─── Material supplied
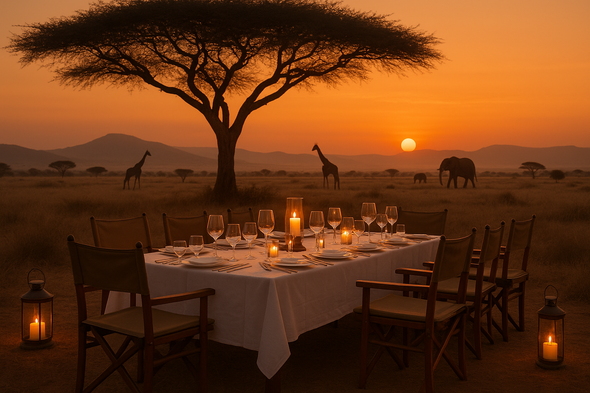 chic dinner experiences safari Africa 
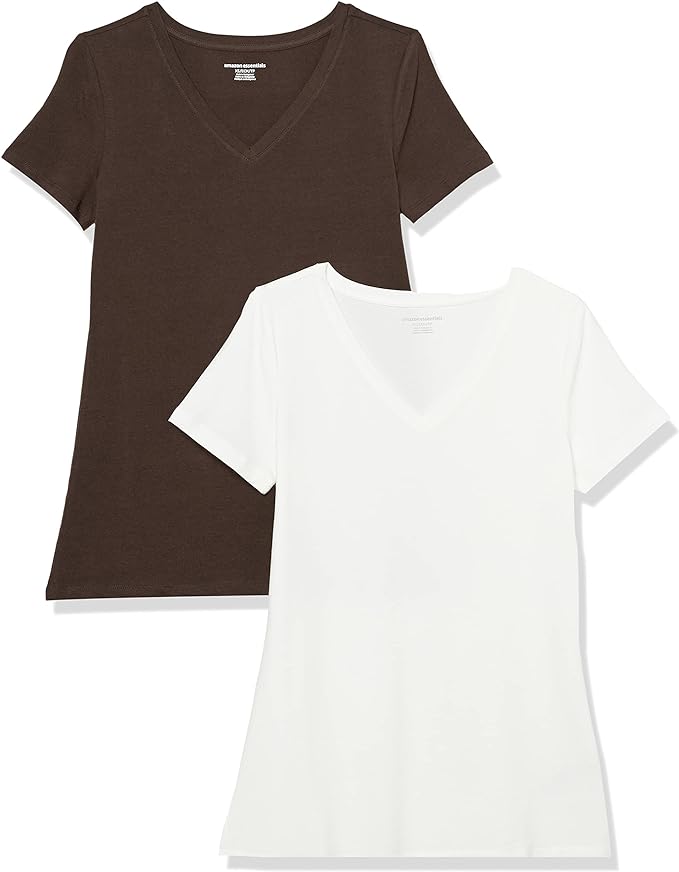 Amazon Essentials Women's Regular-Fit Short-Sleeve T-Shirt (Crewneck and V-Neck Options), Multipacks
──────
─── Material supplied
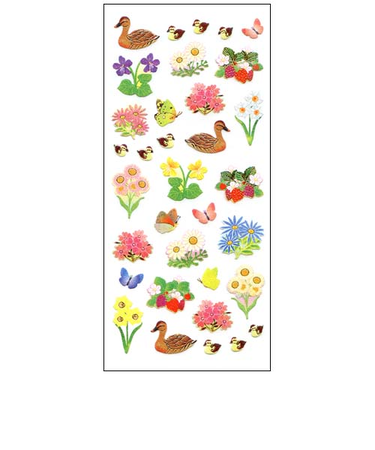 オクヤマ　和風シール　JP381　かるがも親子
──────
What the task requires >> Above this task is a listing with pictures in it. Retype only the lines from the one containing "chic dinner experiences safari Africa" through the one containing "Amazon Essentials Women's", both included, and not the pictures.

Task solution >>
 chic dinner experiences safari Africa 
 Amazon Essentials Women's Regular-Fit Short-Sleeve T-Shirt (Crewneck and V-Neck Options), Multipacks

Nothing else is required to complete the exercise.